Not Quite What It Appears
Here is where things get interesting, and a little unconventional. The 12Cilindri Manuale is, technically, an automatic. There is no mechanical linkage between the gearlever and the gearbox, which sits across the rear axle. Instead, Ferrari has retained the eight-speed dual-clutch transmission from the standard car and layered a by-wire system on top of it.

The clutch pedal reads the driver’s inputs and translates them into engagement of the gearbox’s clutch packs, with millimetric precision. Project lead Valentin Marguet described the system as built on mechanics, with electronics present only to communicate the driver’s intentions to the car. The result is a system capable of replicating everything from a gentle clutch-ride away from rest to a clutch-kick to initiate a slide.
You can even stall it. What you cannot do is accidentally select the wrong gear and destroy the drivetrain — the system will not accept a dangerous downshift.
The Practical Compromises
Because the open gate carries only six speeds (preserving its visual purity) the car must revert to automatic mode to access seventh and eighth gears at higher speeds. Launch control, which is needed to achieve the claimed 2.9-second 0–62mph time, also requires automatic mode. Manual operation can be initiated below 60mph simply by depressing the clutch and selecting a gear.

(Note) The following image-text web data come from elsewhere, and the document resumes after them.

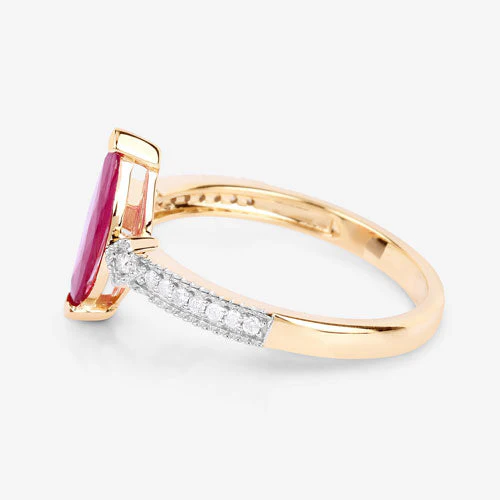 1.01 Carat Genuine Ruby and White Diamond 14K Yellow Gold Ring - Image 6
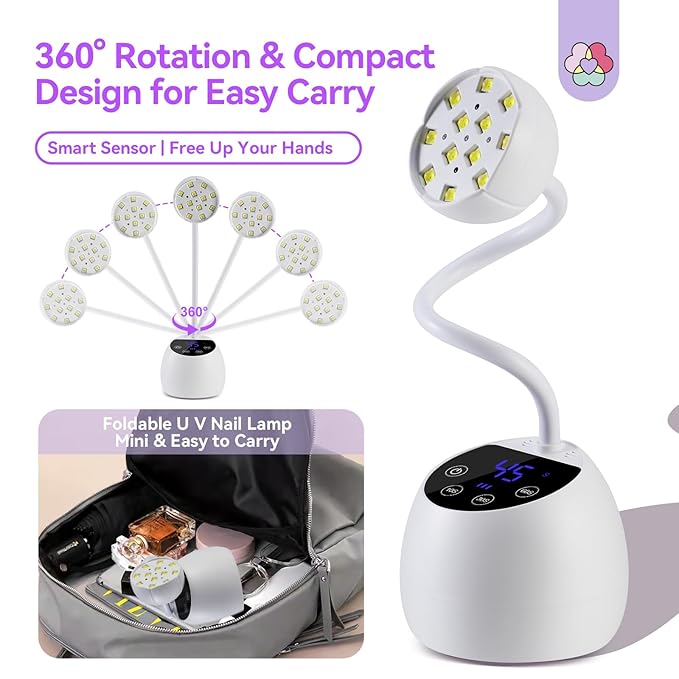 SAVILAND Intellisense Gooseneck U V Lamp for Gel Nails: Motion Sensor 36W U V Nail Lamp Quick Drying LED Cure Lamp Rechargeable Gel Lamp 3 Timers Setting 360°Adjustable Nail Dryer Manicure Light
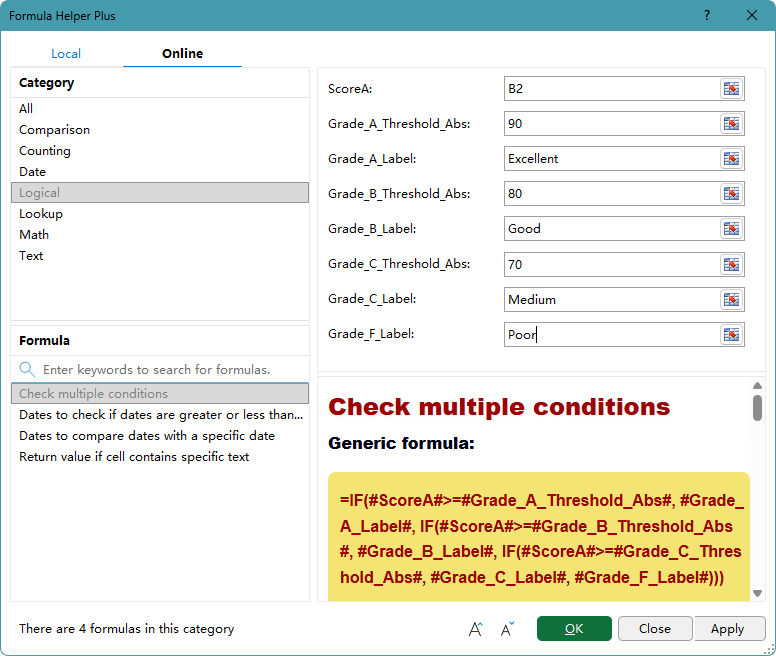 Formula Helper Plus dialog box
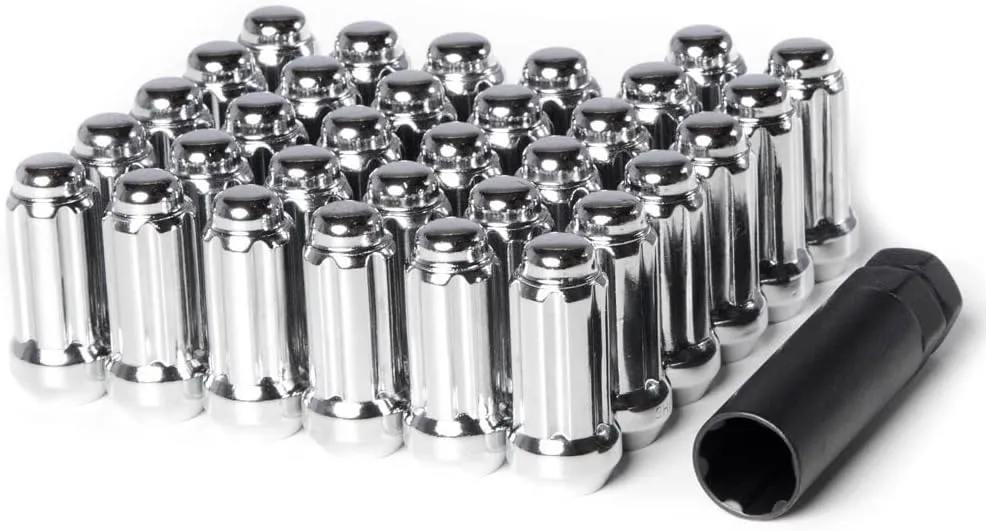 Circuit Performance 14x1.5 Chrome Closed End 6 Spline Security Acorn Lug Nuts Cone Seat Forged Steel (32 Pieces   Tool)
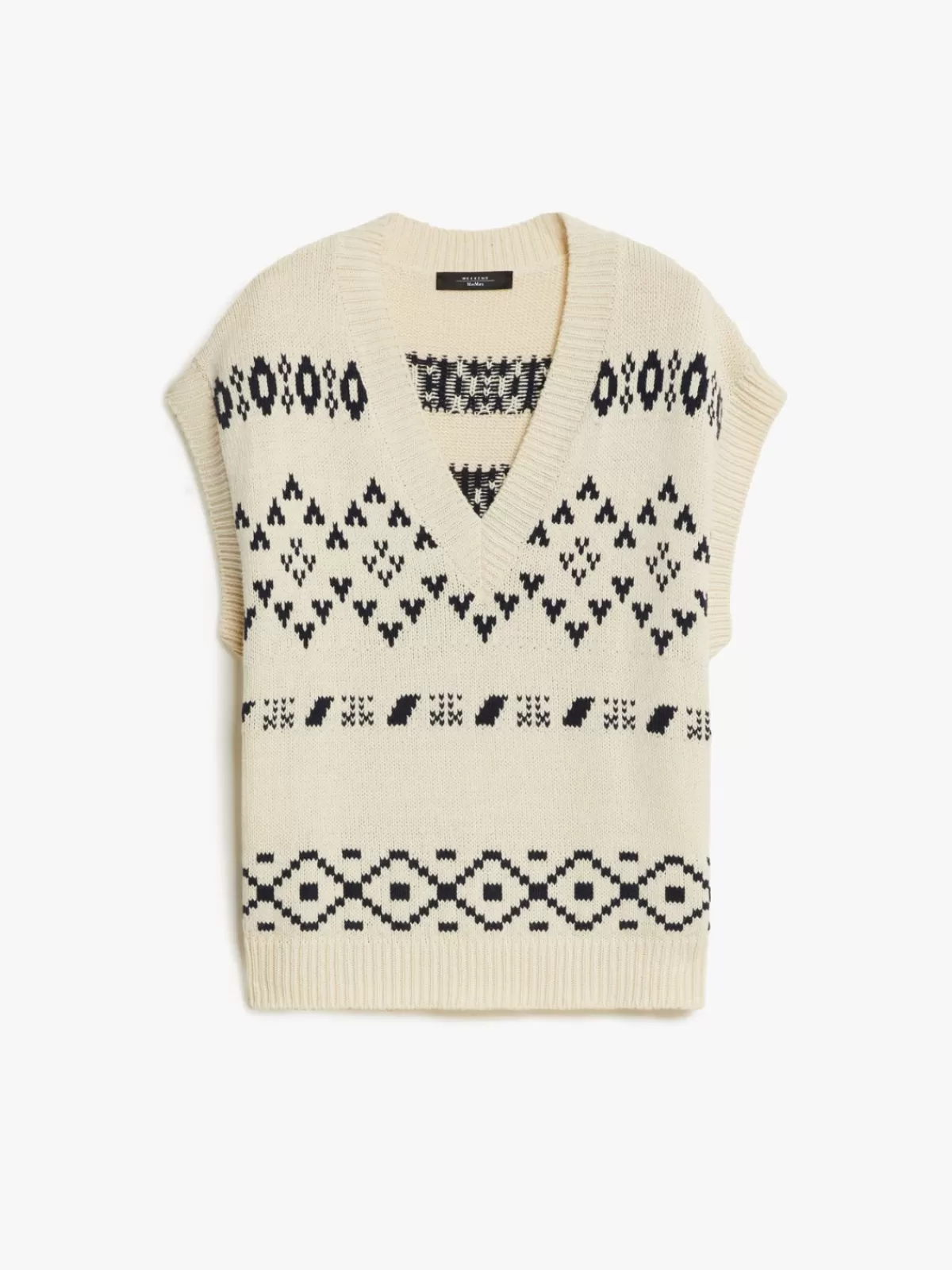 Max Mara - Chaleco oversize de algodón jacquard con diseño premium en tono negro intenso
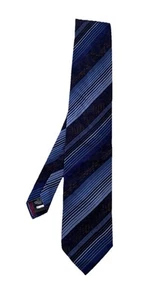 ROBERTO CAVALLI Blue Silk Men’s Tie. Striped Pattern. Made In Italy. Ex Con - Picture 1 of 3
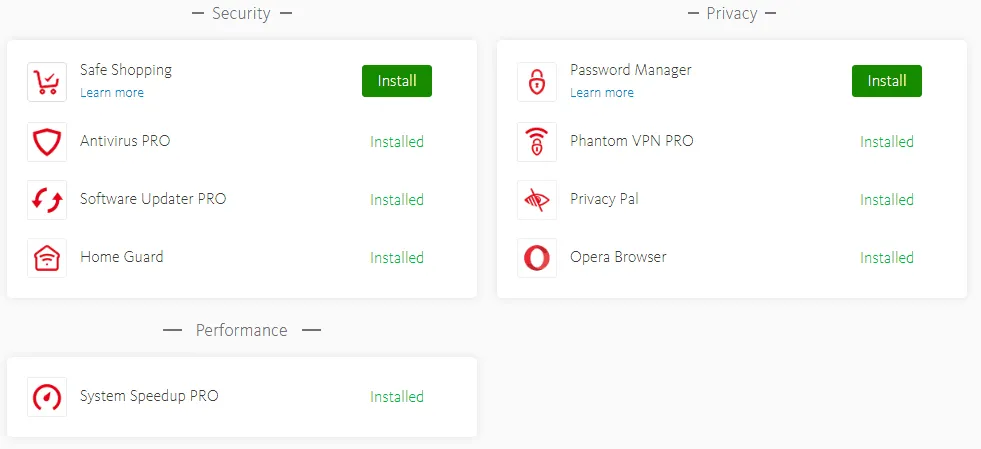 Avira Dashboard Empfehlungen für zusätzliche Programme
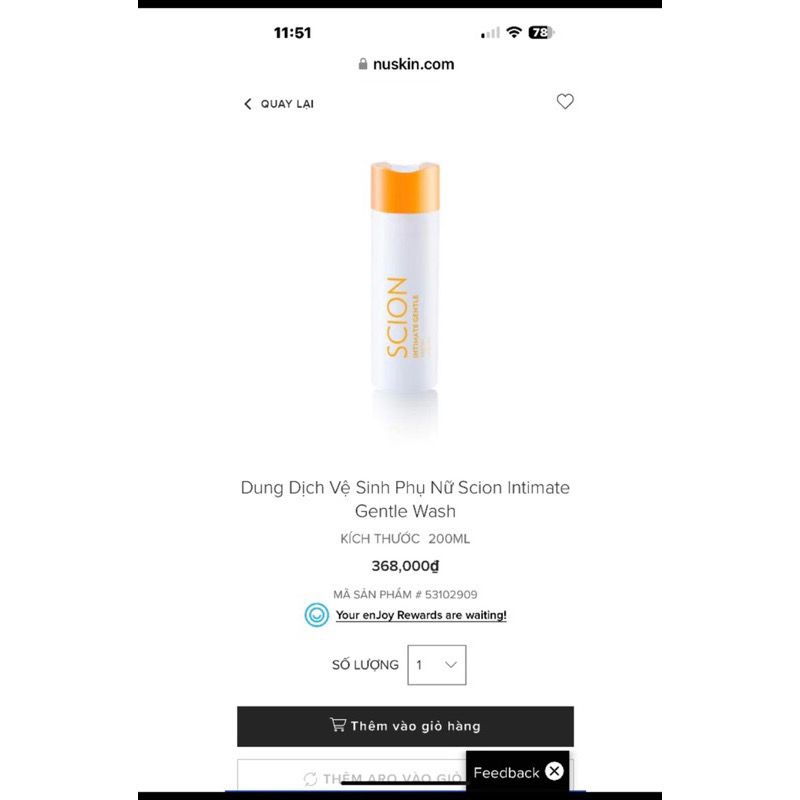(380- Chính hãng) Dung dịch vệ sinh phụ nữ Nuskin .12/2025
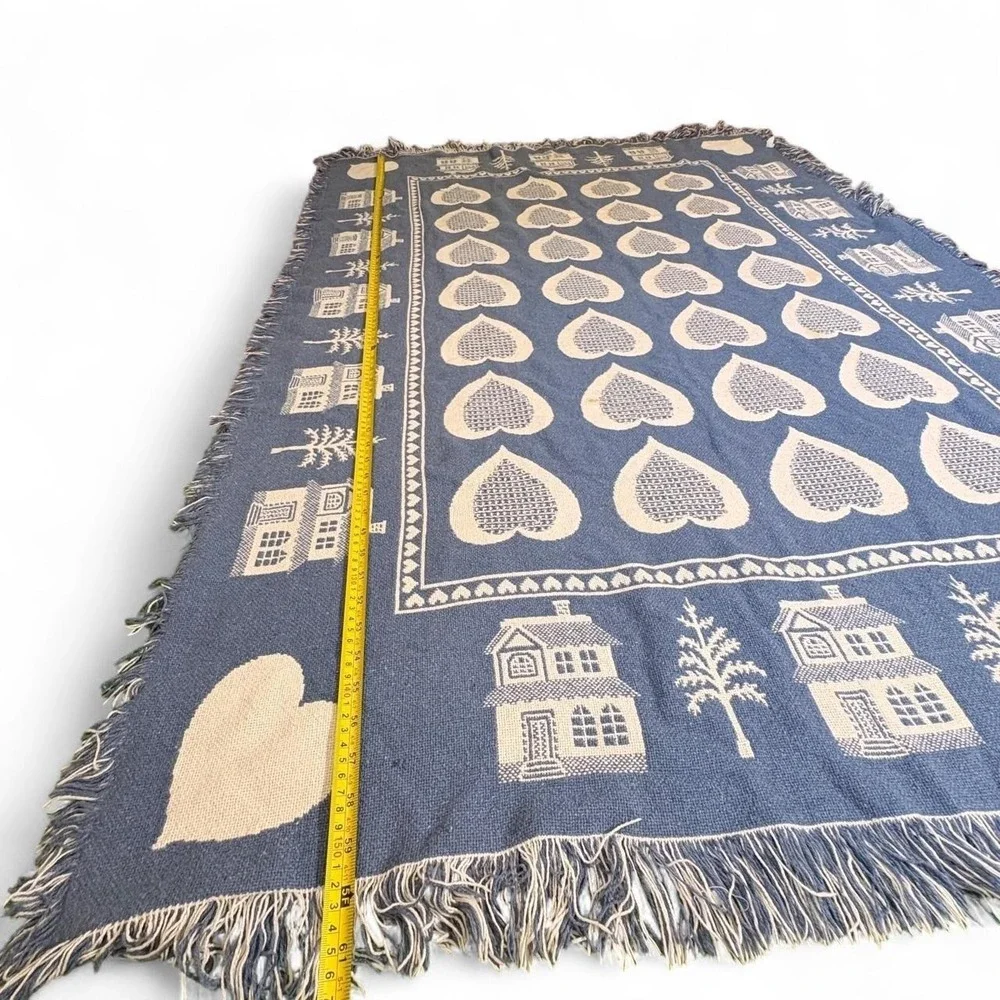 Vintage 90s Farmhouse Cottagecore Fringe Heavy Throw Blanket Country Blue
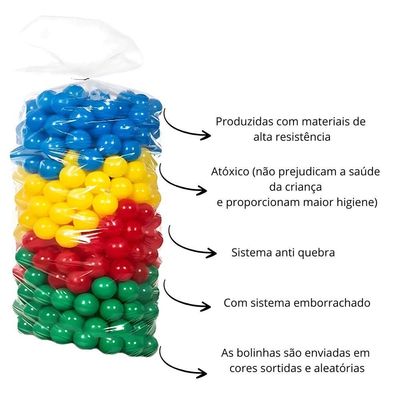 Cama Elastica 3,05m Escorrega Medio Gangorra Piscina De Bolinhas 1,50m Com 1000 Bolinhas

The entire manual mechanism weighs just 5kg. Ferrari used gas-nitrided steel in high-wear areas and aluminium elsewhere to keep weight down while maintaining long-term precision. The pedal action requires 10–15kg of force and moves with a smooth, linear feel. Engineers chose not to replicate the variable resistance of warming fluids after a cold start, prioritising consistency over absolute authenticity.
The centre console has been redesigned around the new setup, with a floating aluminium gate and a ball gearknob displaying the shift pattern, backlit in white or orange depending on mode. Standard paddle shifters are absent.

Specification and Availability
- Engine: 819bhp naturally aspirated V12
- Gearbox: Eight-speed DCT with by-wire manual control (six manual speeds via open gate)
- 0–62mph: 2.9 seconds (automatic/launch control mode)
- Price: €590,000 (approximately £508,000)
- Production: 1,499 examples
- Deliveries: Early 2027
Every car receives silver Scuderia shields, a model designation on the flanks, and Daytona-style pinstripes across the nose and rear aero winglets. All examples are offered through Ferrari’s Tailor Made programme. Galliera acknowledged the car is effectively already sold out.
Why It Matters
Ferrari’s approach is a genuine engineering curiosity. A by-wire manual system sidesteps the packaging difficulties of routing a mechanical linkage to a rear-mounted gearbox, while still delivering the tactile ritual that enthusiasts have been asking for. Whether it truly replicates the feel of a traditional manual is a question that will only be answered once the car is driven properly.

What is clear is that Ferrari has taken the request seriously enough to spend years developing a bespoke solution rather than simply reviving an old layout. For a brand that abandoned the manual gearbox in the name of performance, that is a meaningful shift in direction, even if the gearbox underneath remains very much an automatic.